• _WHAT YOU SHOULD DO_
Repeat these records exactly, pictures excluded.
** Opening DATASET EXCERPTS block **
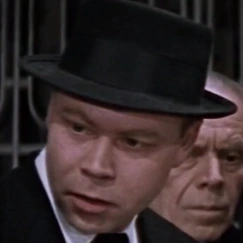Arquivo:Oficial de New Kirk City.png
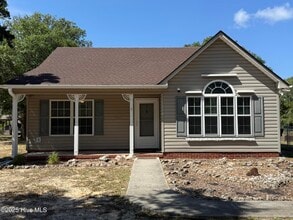 Building Photo - 1308 E Oak Island Dr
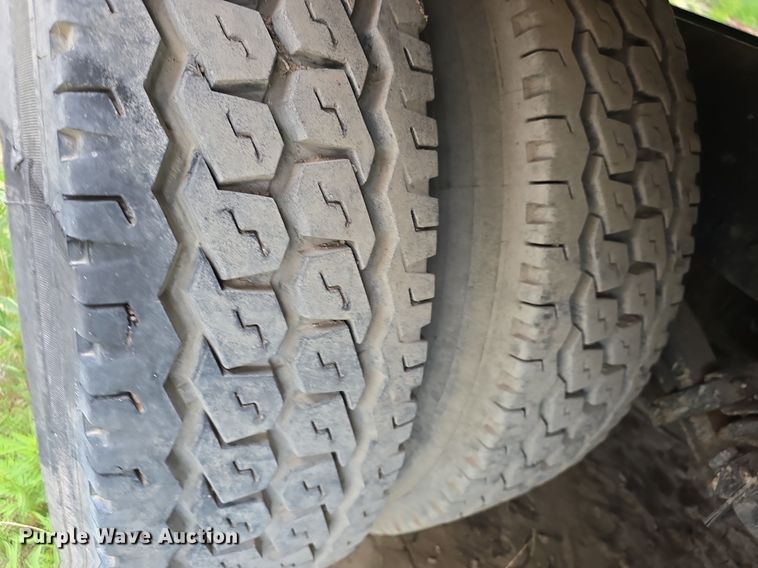 image for item DM1692 2013 Kenworth T680 semi truck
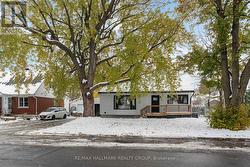 1796 SAUNDERSON DRIVE  Ottawa, ON K1G 2C2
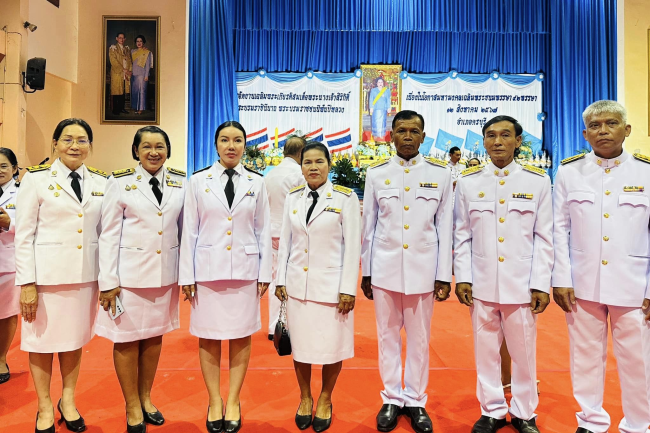 พิธีถวายเครื่องราชสักการะและวางพานพุ่ม และพิธีจุดเทียนถวายพระพรชัยมงคล เพื่อเฉลิมพระเกียรติสมเด็จพระนางเจ้าสิริกิติ์ พระบรมราชินีนาถ พระบรมราชชนนีพันปีหลวง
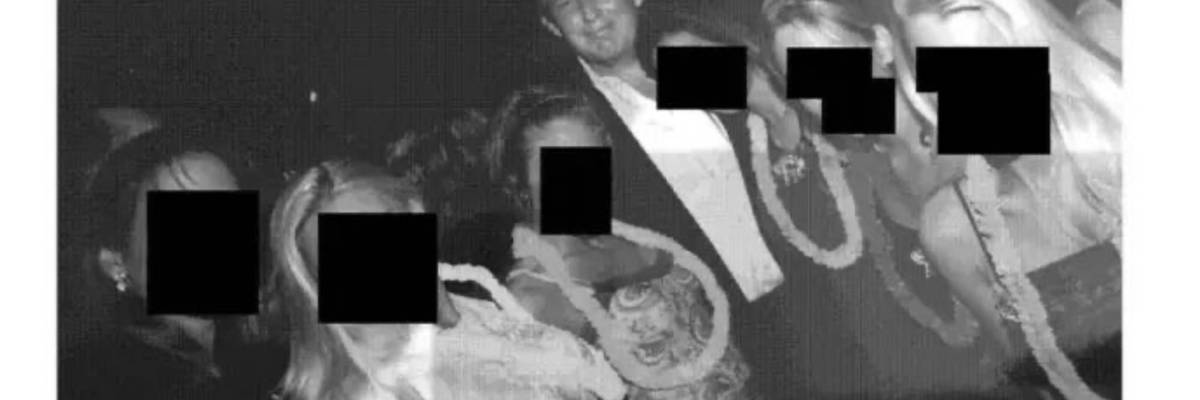 Trump and young beauty pageant contestants in Hawaii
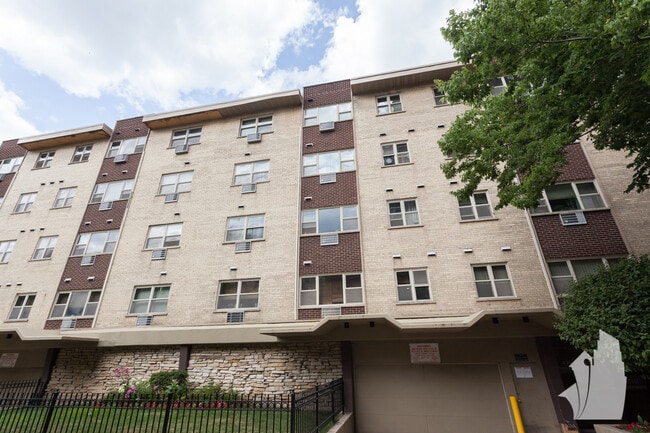 Building Photo - 420 W Aldine Ave Rental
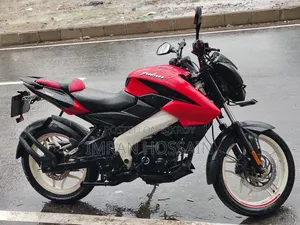 বাজাজ পালসার এনএস ১৬০ ২০২১ লাল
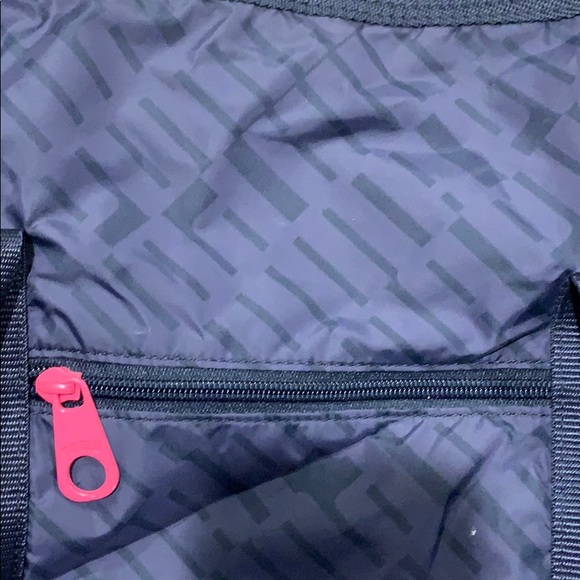 Puma Gym Duffle Bag - Picture 2 of 4
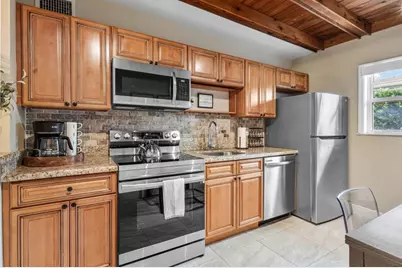 615 NE 9th Ave, Unit #52, Fort Lauderdale, FL 33304 - Photo 5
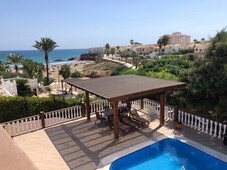 Chalet en Orihuela Costa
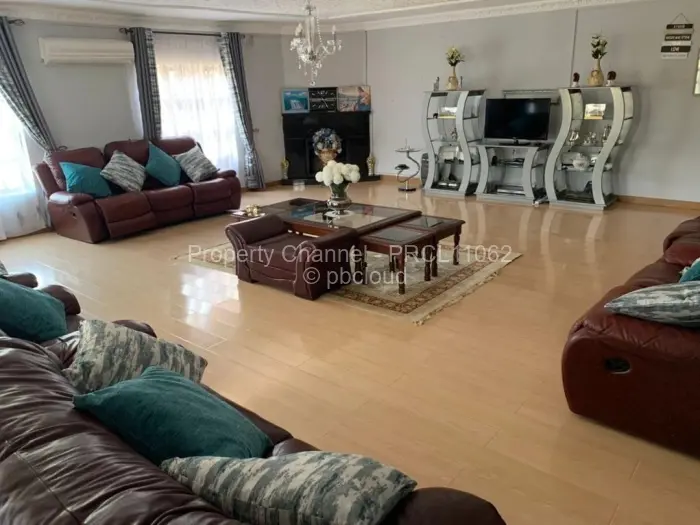 6 Bedroom House for Sale in Borrowdale, Harare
** Closing DATASET EXCERPTS block **
• _WRITTEN ANSWER_
Arquivo:Oficial de New Kirk City.png
 Building Photo - 1308 E Oak Island Dr
 image for item DM1692 2013 Kenworth T680 semi truck
 1796 SAUNDERSON DRIVE  Ottawa, ON K1G 2C2
 พิธีถวายเครื่องราชสักการะและวางพานพุ่ม และพิธีจุดเทียนถวายพระพรชัยมงคล เพื่อเฉลิมพระเกียรติสมเด็จพระนางเจ้าสิริกิติ์ พระบรมราชินีนาถ พระบรมราชชนนีพันปีหลวง
 Trump and young beauty pageant contestants in Hawaii
 Building Photo - 420 W Aldine Ave Rental
 বাজাজ পালসার এনএস ১৬০ ২০২১ লাল
 Puma Gym Duffle Bag - Picture 2 of 4
 615 NE 9th Ave, Unit #52, Fort Lauderdale, FL 33304 - Photo 5
 Chalet en Orihuela Costa
 6 Bedroom House for Sale in Borrowdale, Harare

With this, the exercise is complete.